Regia:

Carlo Vanzina

Cast:

Massimo Ghini, Elena Sofia Ricci, Barbara de Rossi, Rocco Papaleo, Galatea Ranzi, Maurizio Mattioli, Giovanna Ralli

Sceneggiatura:

Enrico Vanzina, Carlo Vanzina

Fotografia:

Claudio Zamarion

Montaggio:

Luca Montanari

Scenografia:

Tonino Zera

Costumi:

Daniela Ciancio

Musica:

Alberto Caruso

Presentato da:

Rai Cinema

Produzione:

International Video 80, Rai Cinema

Distributore:

01 DISTRIBUTION

Paese:

Italia

Durata:

107'

Uscito in sala:

Mercoledì 30 Aprile 2003

Franca Malorni è una vedova della buona borghesia romana. Da quando le è morto il marito, un famoso ed affermato avvocato matrimonialista, la sua vita è diventata più difficile. L'unica sua ragione di vita sono le tre figlie, tutte sposate, con le quali mantiene un rapporto quasi ossessivo. Ogni domenica pretende che queste, con i generi ed i nipoti, vengano a pranzo da lei.

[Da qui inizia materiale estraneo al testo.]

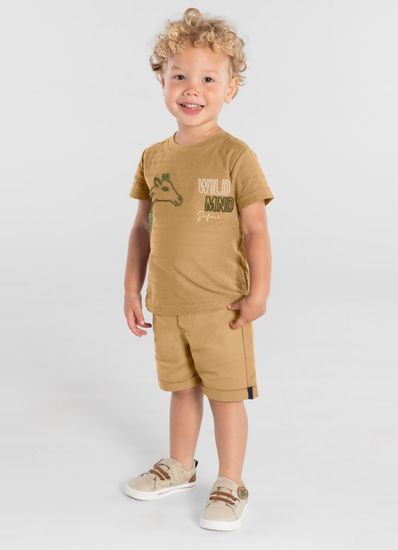 Camiseta infantil menino em malha maquinetada Mundi - 1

Durante una delle solite domeniche, Franca cade e si rompe un femore, la sua sarà una degenza lunga e faticosa. Durante questo periodo emergono pian piano i piccoli dissidi e i problemi che affliggono la grande famiglia. La prima figlia Barbara, quarantenne, soffre a periodi alterni di una depressione causata dal suo desiderio frustrato di avere figli, compensato in parte dalla devozione e l'amore di suo marito.

Sofia la seconda figlia di Franca è sposata con Nicola un incurabile idealista che ha visto rovinata la sua carriera di giornalista, per i suoi continui contrasti con i capi di turno. Nonostante i loro quattro figli, le ristrettezze economiche e i vari problemi quotidiani hanno gettato Sofia nel conforto dell'alcool, divenuto un vero e proprio problema.

La terza figlia, Susanna, rigida ed inquadrata borghese, è sposata con Massimo famoso avvocato malato di “dongiovannismo”, perso sempre dietro a qualche gonna; la loro figlia diciassettenne, vive con sofferenza questa situazione, esprimendo con continue ribellioni il suo disagio.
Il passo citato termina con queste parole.